What you are asked to do → Starting with the line containing "TJ MAXX - Updated" and going on through the line containing "2018 Jeanneau 64", return the lines of the data below exactly, and only those.

Segment Start: Data section

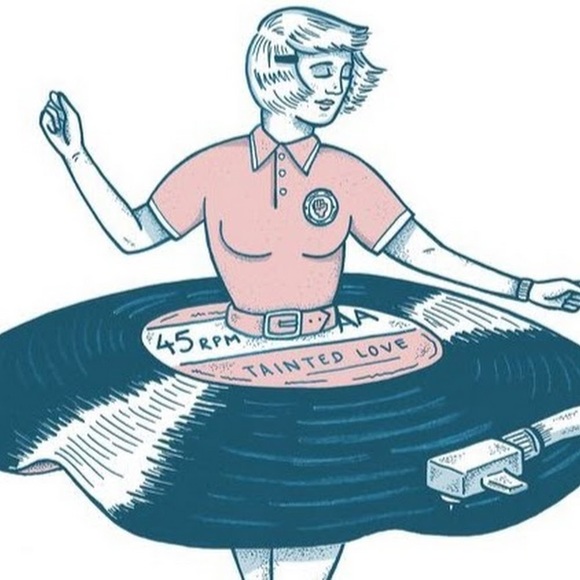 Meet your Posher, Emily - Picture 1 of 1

Segment End: Data section
Segment Start: Data section

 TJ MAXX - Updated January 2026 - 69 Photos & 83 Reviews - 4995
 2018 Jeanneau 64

Segment End: Data section
Segment Start: Data section

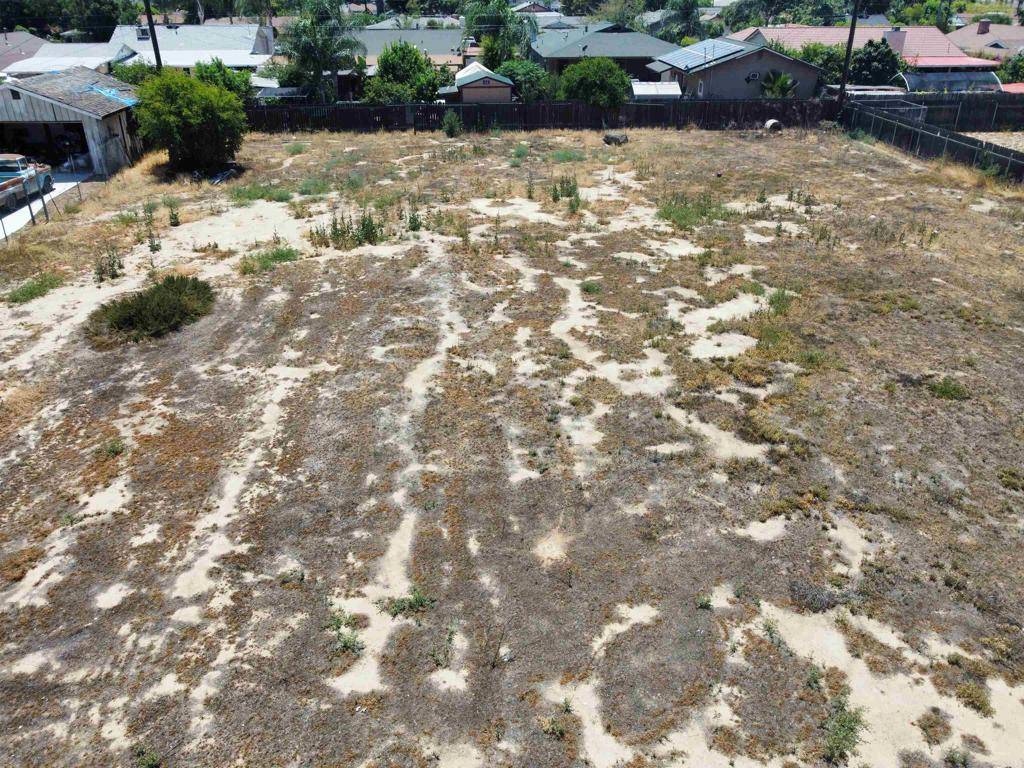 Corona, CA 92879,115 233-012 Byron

Segment End: Data section

Written answer →
 TJ MAXX - Updated January 2026 - 69 Photos & 83 Reviews - 4995
 2018 Jeanneau 64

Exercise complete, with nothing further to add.